*Your objective*: Note on the material below: return exactly the lines from the line that holds "Thevon.(ゼヴォン) フロントジップティアードワンピース" through the line that holds "Remembering Tuskegee Airmen", and leave out each picture.

*Material supplied*:

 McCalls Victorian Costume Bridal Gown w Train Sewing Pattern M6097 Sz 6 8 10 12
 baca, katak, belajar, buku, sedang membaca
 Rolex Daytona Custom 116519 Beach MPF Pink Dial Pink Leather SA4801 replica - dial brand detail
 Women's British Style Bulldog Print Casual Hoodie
==
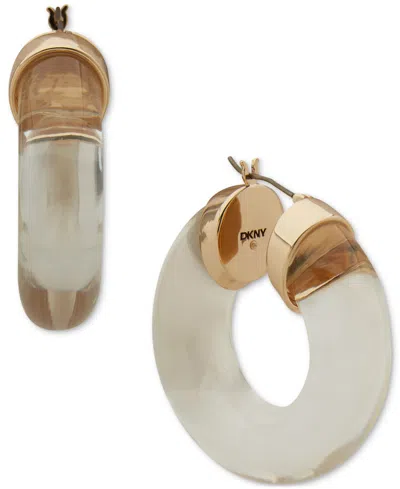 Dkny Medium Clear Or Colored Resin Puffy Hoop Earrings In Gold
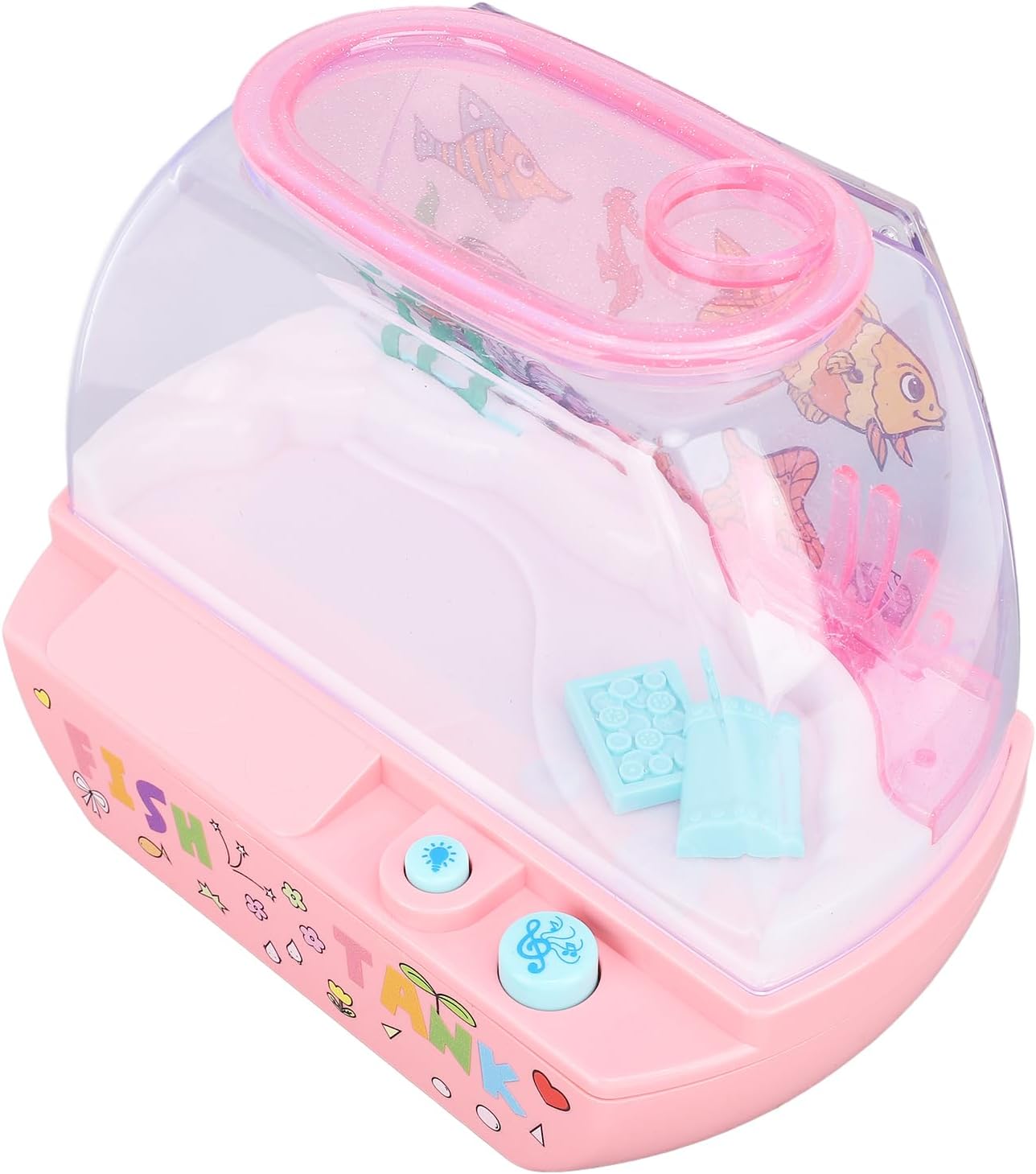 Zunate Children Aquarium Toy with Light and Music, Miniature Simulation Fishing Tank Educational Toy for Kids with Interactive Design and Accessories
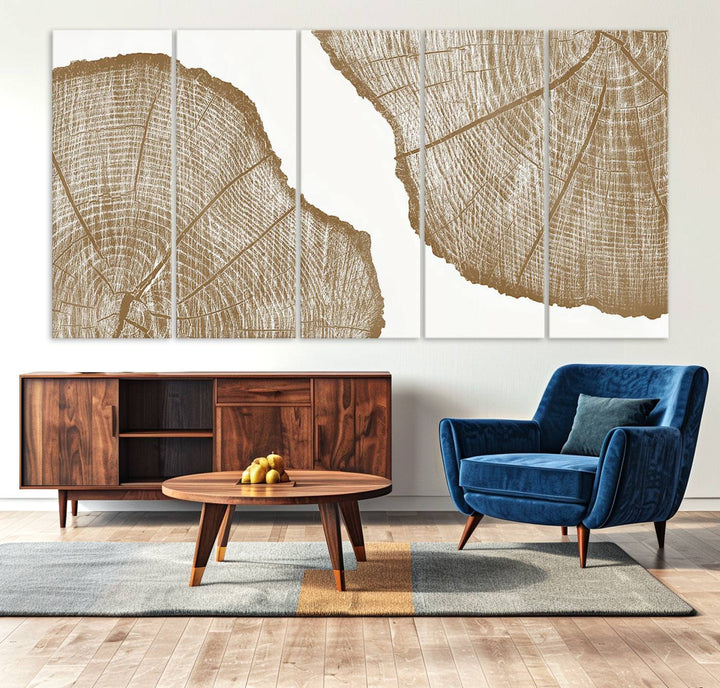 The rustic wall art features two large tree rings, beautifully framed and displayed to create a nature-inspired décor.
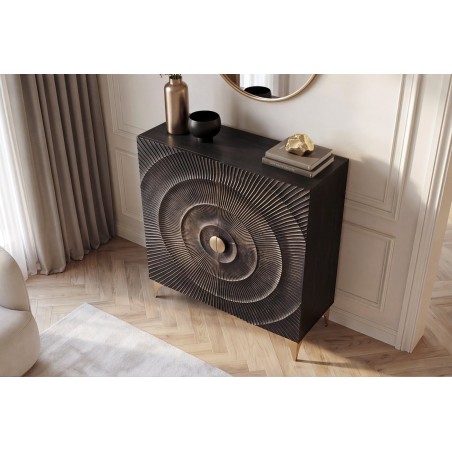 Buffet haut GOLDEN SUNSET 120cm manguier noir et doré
---
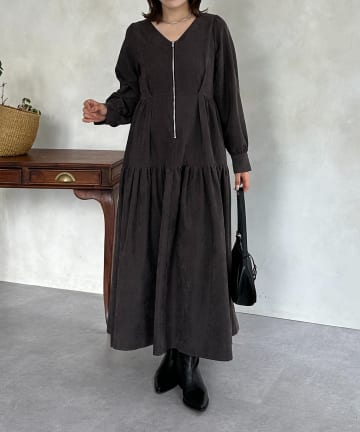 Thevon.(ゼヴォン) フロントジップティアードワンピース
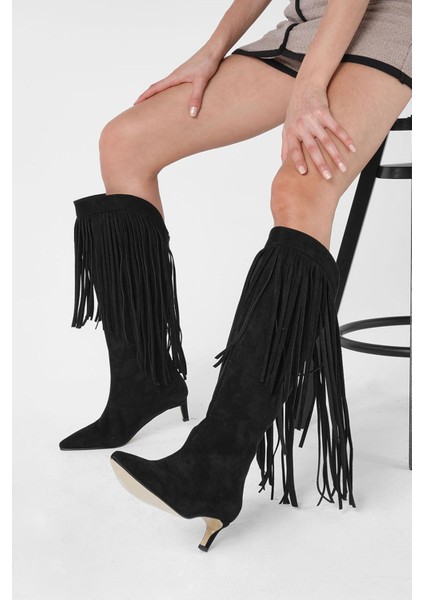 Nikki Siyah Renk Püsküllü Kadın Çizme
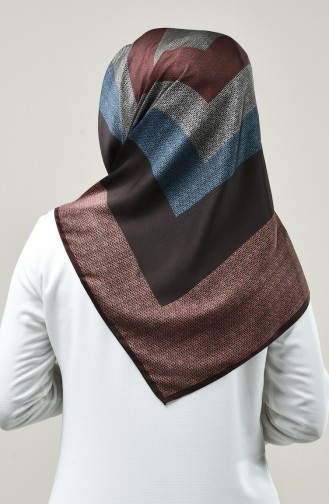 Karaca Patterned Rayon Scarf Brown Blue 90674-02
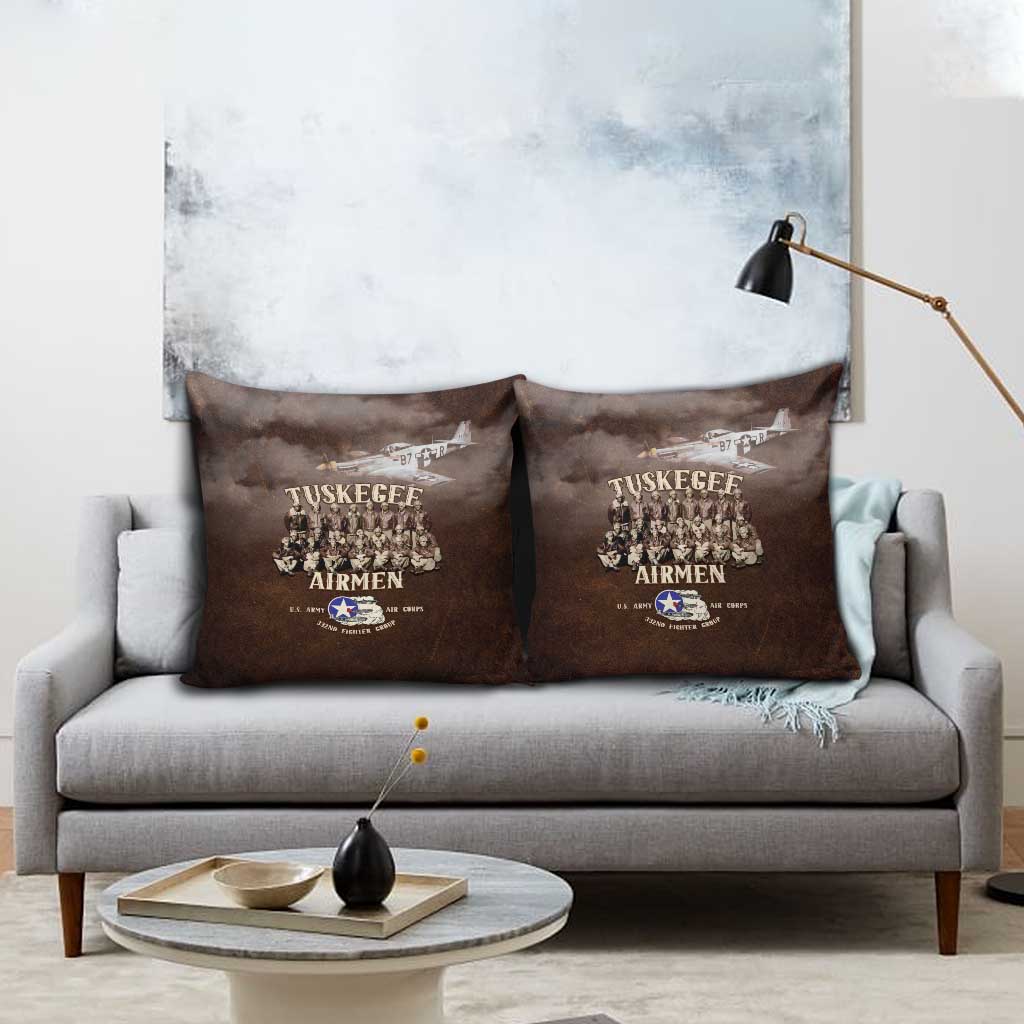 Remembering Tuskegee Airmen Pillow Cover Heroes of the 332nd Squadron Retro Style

*The completed task*:
 Thevon.(ゼヴォン) フロントジップティアードワンピース
 Nikki Siyah Renk Püsküllü Kadın Çizme
 Karaca Patterned Rayon Scarf Brown Blue 90674-02
 Remembering Tuskegee Airmen Pillow Cover Heroes of the 332nd Squadron Retro Style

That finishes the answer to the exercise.